Last Updated:Friday - 09/24/2010
January 14, 2008
Open a door and step into the unknown
Closed doors shut out the brutal winter cold and wind. And we welcome the sanctuary and safety those wood or metal barriers give. Yes, shut and bolt those doors and you will be safe.
But is there another padlocked door that, instead, keeps you locked in bitter despair and loneliness? Cast your eyes on 19th century artist Holman Hunt's The Light of the World hanging in London's St. Paul's Cathedral and embrace the outpouring of Jesus' love as he stands, knocking, on the door of a heart.
That image, and renderings of that spiritual truth by other artists, tells us the power of the door: It can let love in or keep it out.
Street people in Edmonton's tenderloin know the love that waits behind the Marian Centre door. A hot stew. Packed lunch. A rolled up ball of warm socks. And a welcoming atmosphere.
The apostolate members do not see the homeless folk as broken - most are men and are referred to as Christophers - but wrap them with a hospitality that often loosens the locks on the visitors' isolation. And they share their stories, begin to trust.
The centre has another door - but it is shut. This is the room that allows a visitor to spend 24 hours in that safe space dubbed poustinia (the Russian word for desert). This sanctuary with a bed, Bible and bread and water allows the seeker 24 hours tucked away from the world, a silence to reach out to Jesus, restore their faith and with God's grace, write his words on their heart.
Sure it is hard to do this in this McDonald's society where glitz and glib are too often the passport to success. So we have blinders - blinders that don't let us turn and see doors - some of them shabby, some hidden behind our own fears and misconceptions, some open, but not on our self-imposed path.
Rip off those blinders - or at least take a peak under them - in this new year, step into the unknown and perhaps experience an unexpected joy in faith.
Come and open the door at the Sacred Heart Church of the First Peoples for Sunday Mass.
Inhale the sweetgrass mingling with the incense.

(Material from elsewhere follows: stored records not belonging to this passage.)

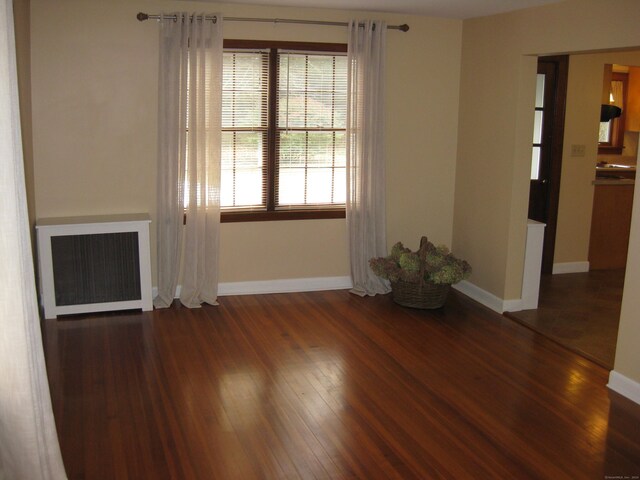 1071 River Blvd, Suffield, CT 06078 - unfurnished living room with baseboards and wood finished floors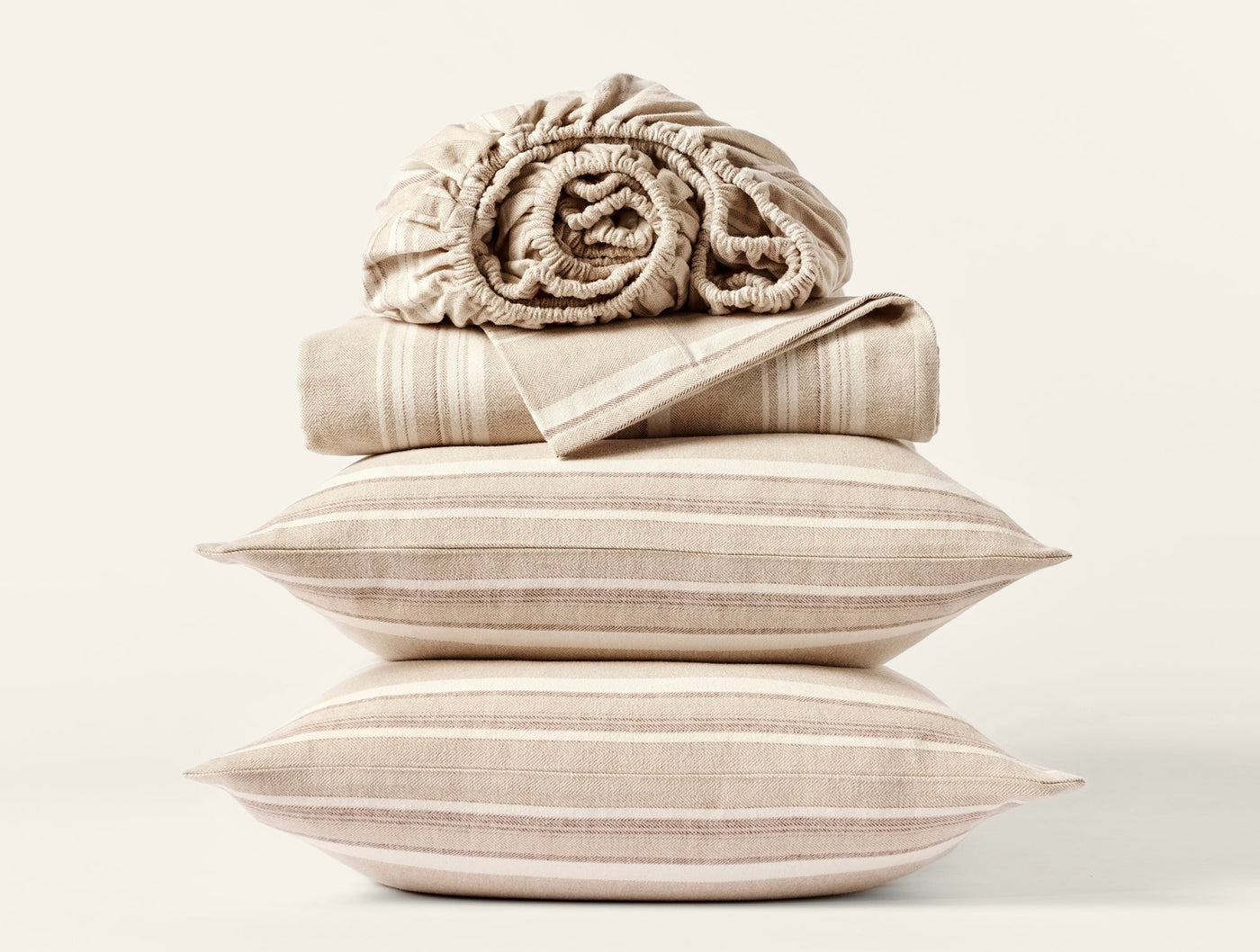 Close-up of stacked oatmeal stripe flannel pillowcases and folded sheets on white background.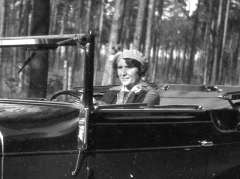 Stylishly dressed lady at the wheel of her 1930s convertible near forested area.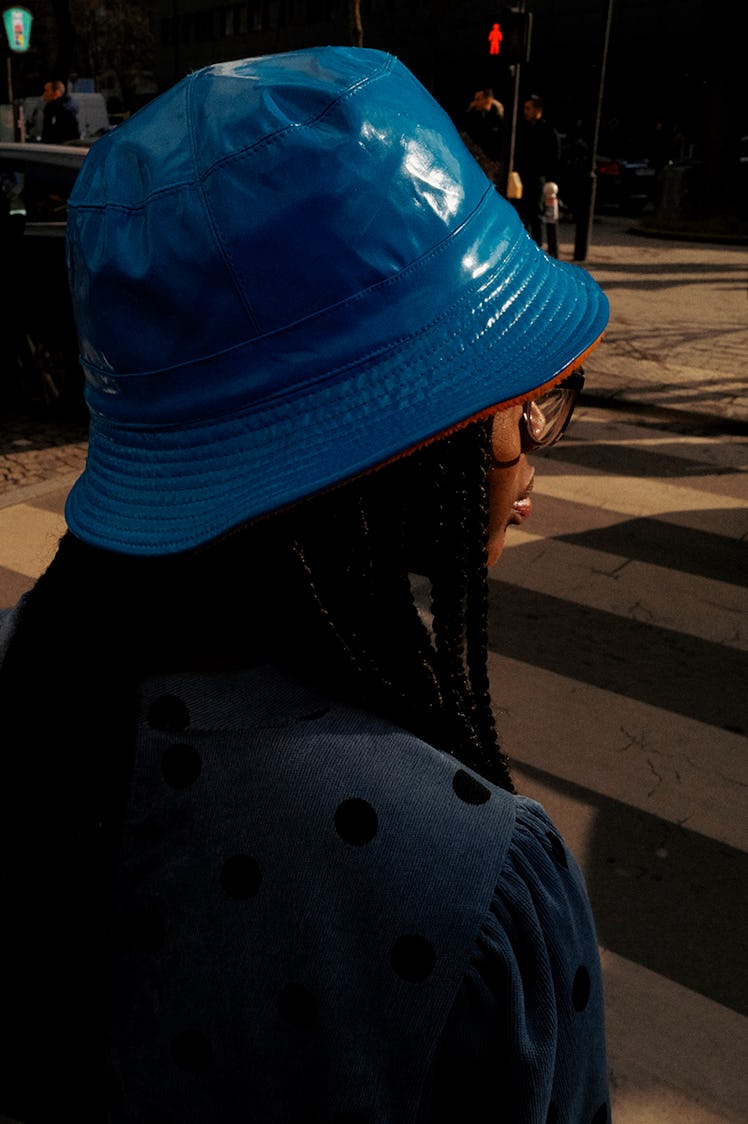 A woman walking while wearing a blue bucket hat 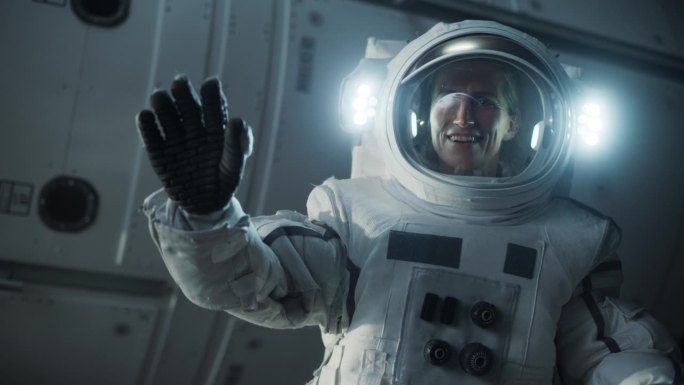 在空间站、卫星或宇宙飞船外太空行走时，一名女宇航员穿着宇航服摆姿势的肖像。快乐的女宇航员看着，微笑着
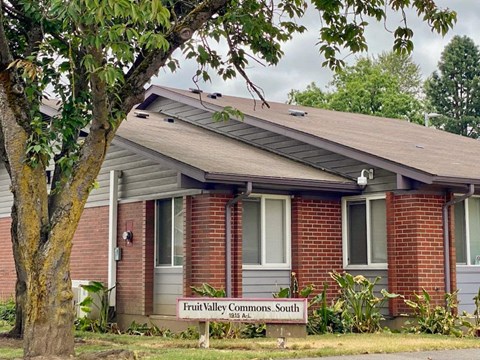 an old brick house with a sign in front of it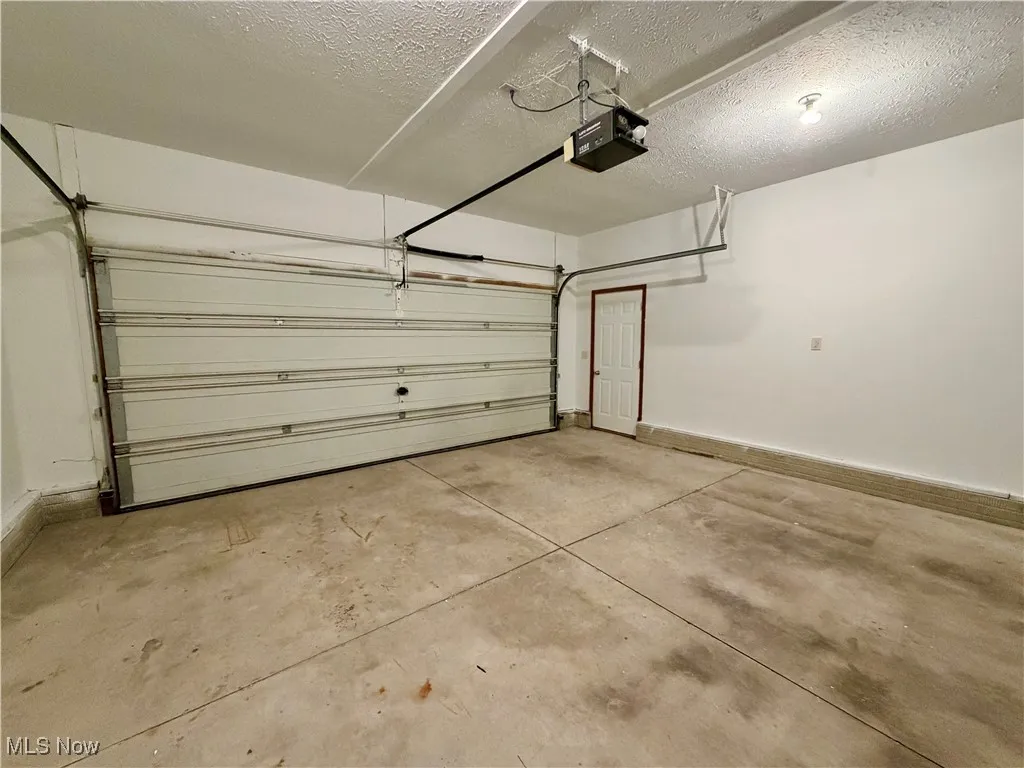 Garage with a garage door opener and baseboards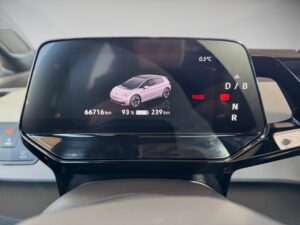 Ein Auto-Display zeigt ein rosa Auto-Symbol, Ladezustand 93 %, Temperatur 0,5 °C, und Kilometerstand.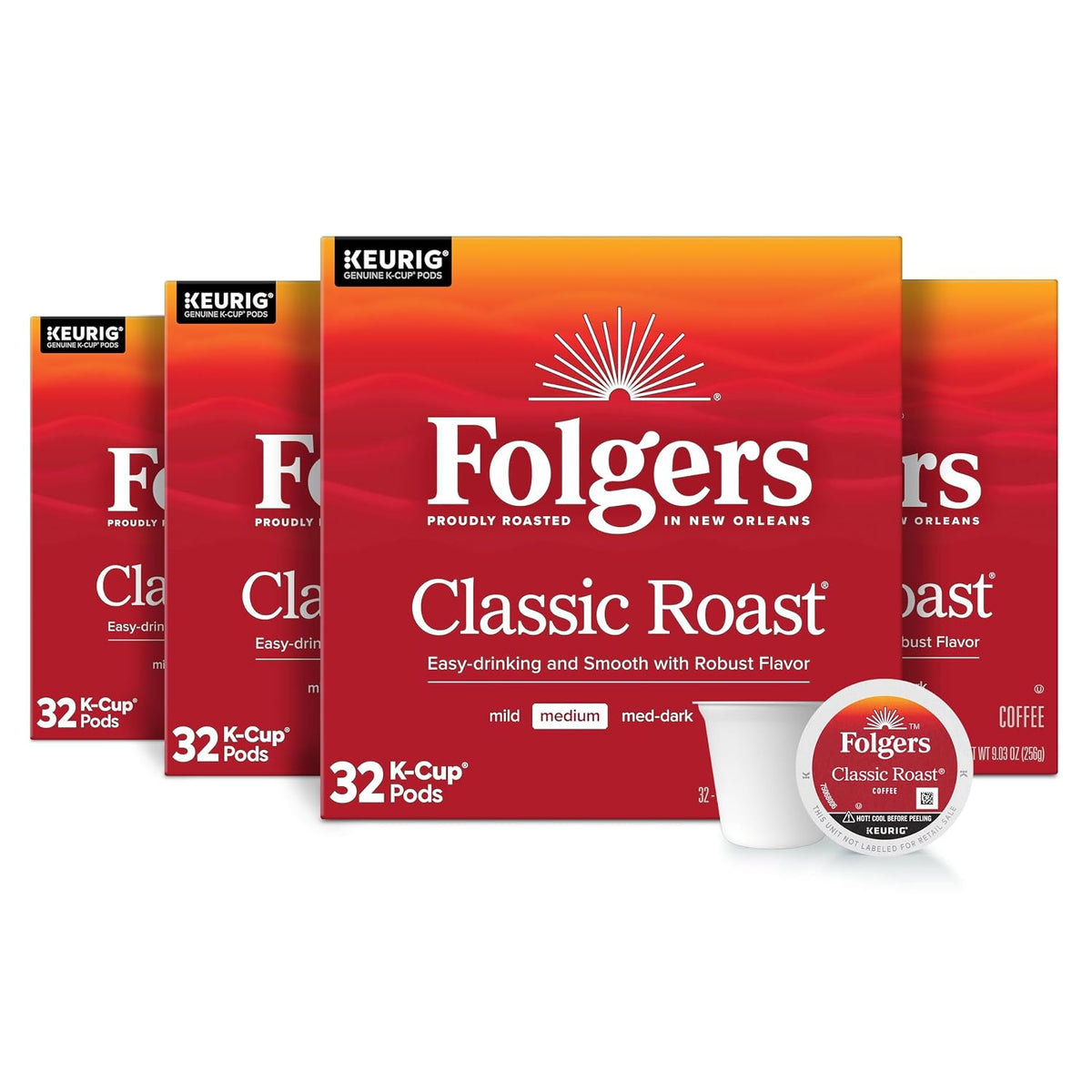 Four 32-count boxes of Folgers Classic Roast medium roast K-Cup coffee pods with two pods in front, 128 count total.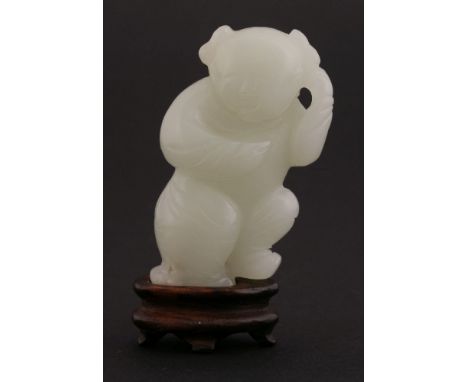 A jade Carving,18th century, of a dancing boy, the figure on one leg, a switch of millet held over his back,5.4cm, wood stand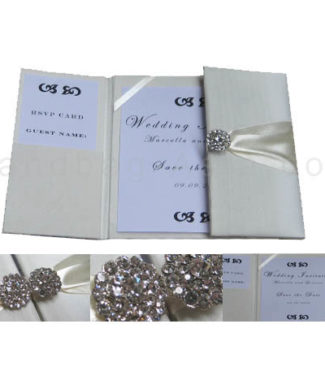 Embellished ivory wedding invitations with brooches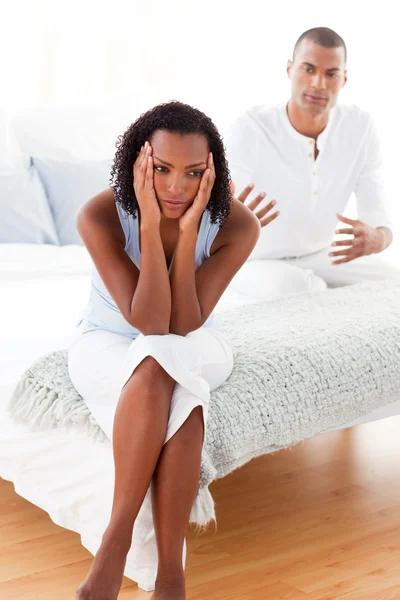 Angry couple sitting on the bed — Stock Photo, Image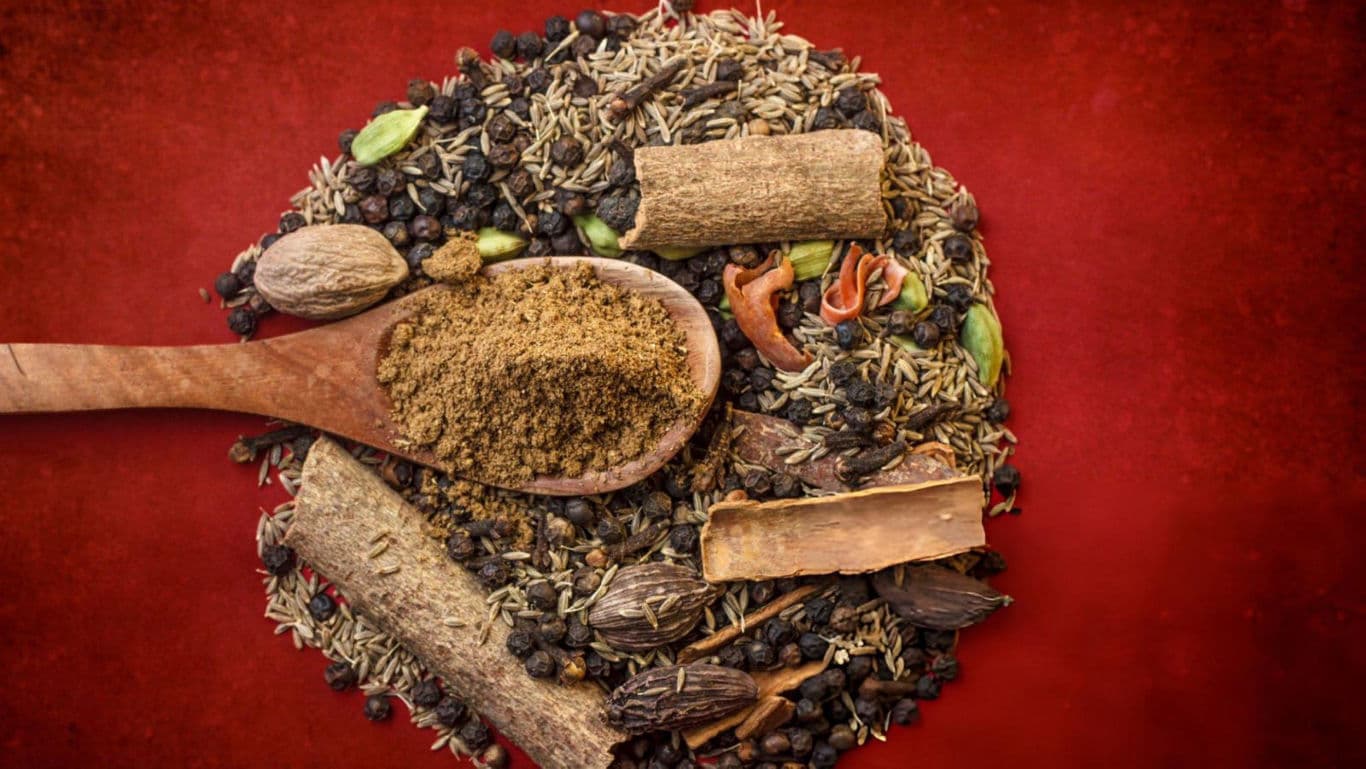 Assorted spices with wooden spoon on red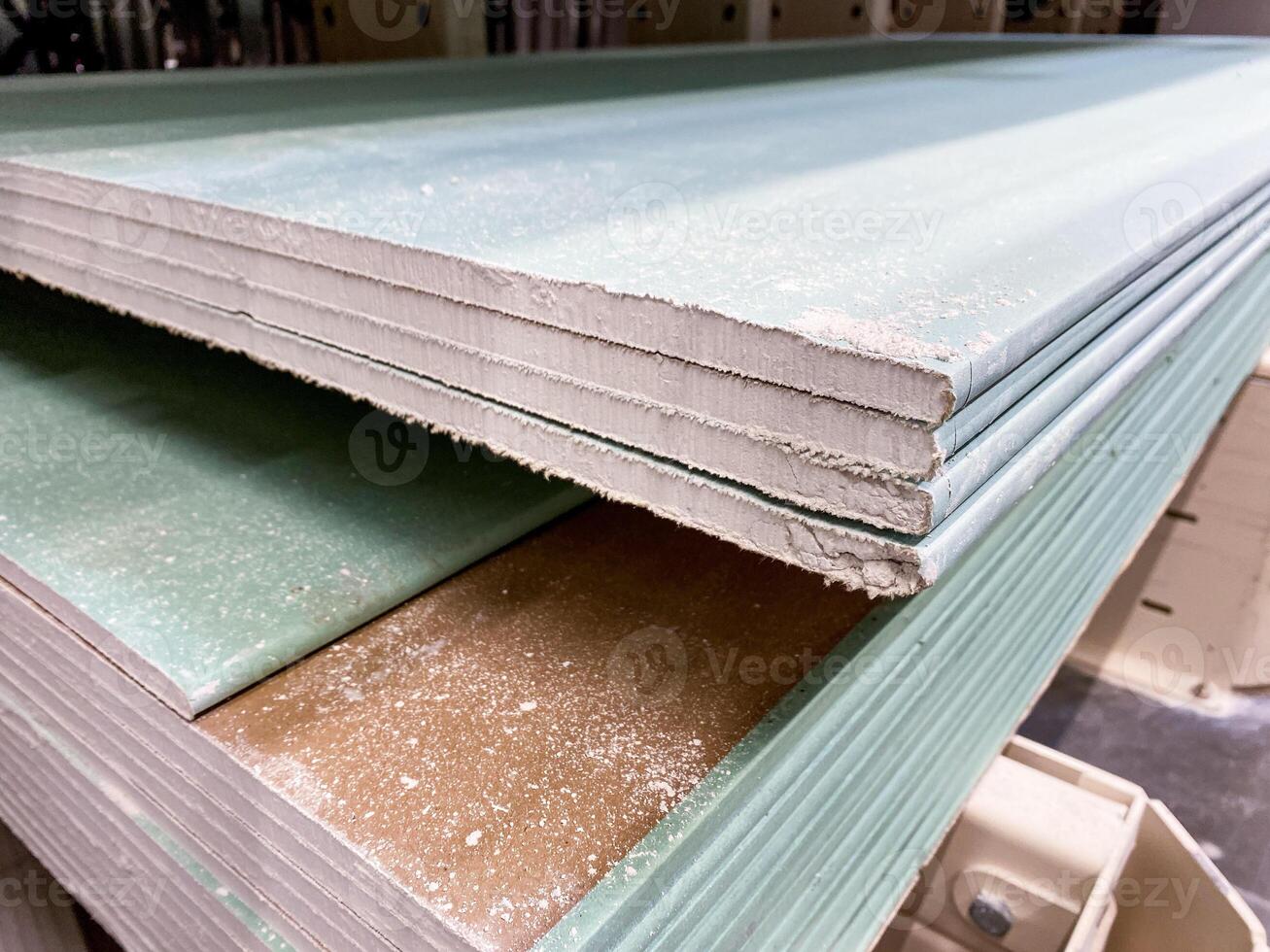 A stack of Green Gypsum Boards is fully prepared and ready for use in construction projects, providing essential features for quality building applications photo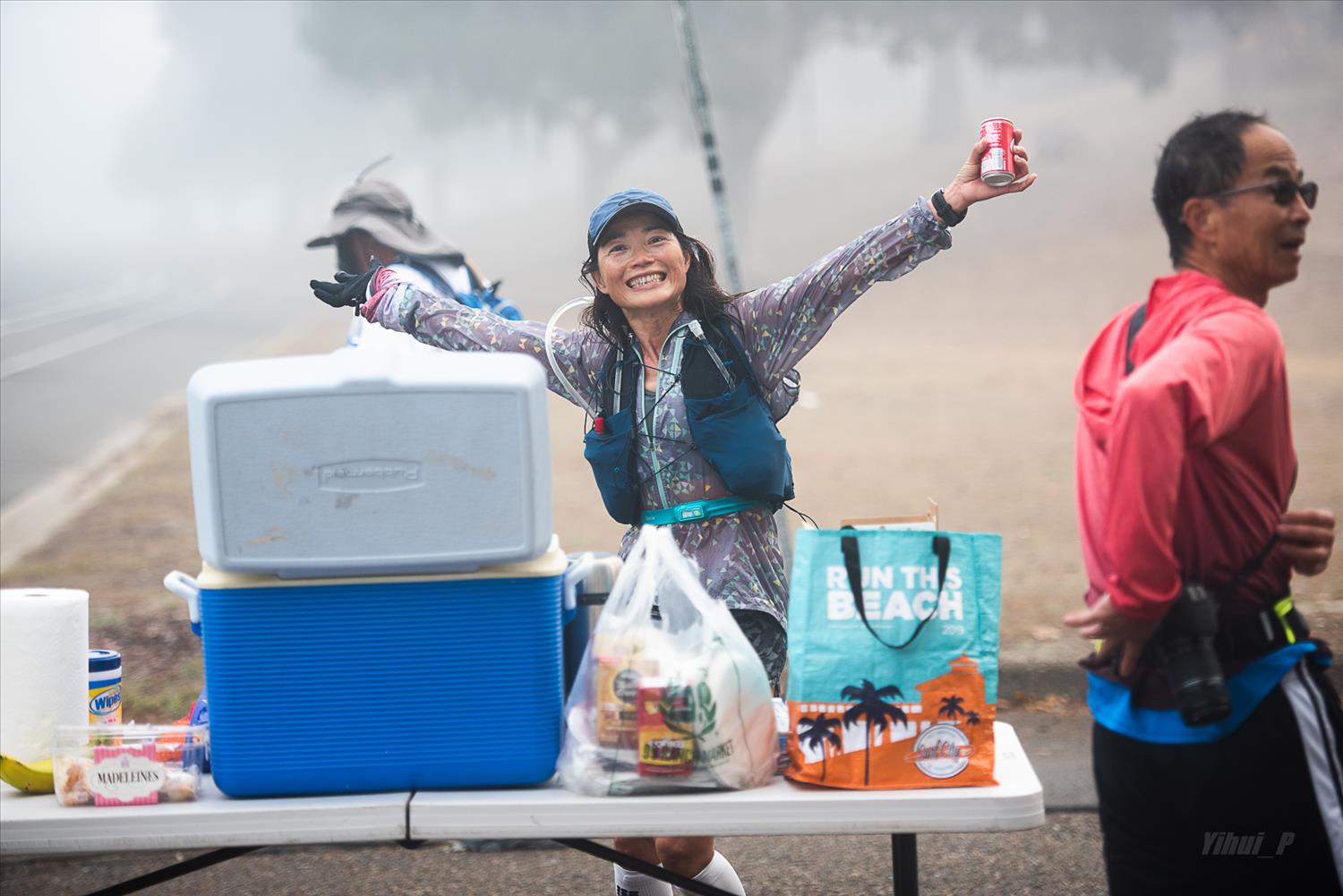 How to not DNF a 100-miler 3 A trail runner smiling at an aid station during an ultramarathon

Listen to the Cree words intoned by the elders and the passionate homilies of Father Jim Holland. Toss your donation onto the blanket. And immerse yourself in the strength that comes from the melding of spiritualities.
Or flip open a university or college calendar and search under religious studies. Find one that tickles your fancy. And when you open that college or university door and spend those three hours a week in class, watch what happens when you discover something new about Jesus, the patriarchs and matriarchs, the building blocks that cemented Christianity into today's world. And society's television is clicked off as the university library computer is clicked on.
Maybe your path leads you to step on the mat in front of the hospital door and make your way to the volunteer desk. So often older patients would welcome the healing words of kindness or someone to read their Bible to them.
In the nursery, babies ache to be held. Some are foster children. Some have families hundreds of miles away. Cradling that wee one in your arms gives them the security of physical touch. And for that child it opens the door once shut for Mary as she sought shelter to give birth to Jesus. Your loving warmth quiets the infant's fear and allows peace to flow through their vulnerable, tiny being. They are safe.
As Jesus says, "Whatever you did to the least of these, you did to me."
We know the doors we have closed. We know the doors we will not see. So does God.
Time to open our hearts to Jesus' words in Revelation, "Listen! I am standing at the door, knocking: if you hear my voice and open the door, I will come into you, and eat with you, and you with me."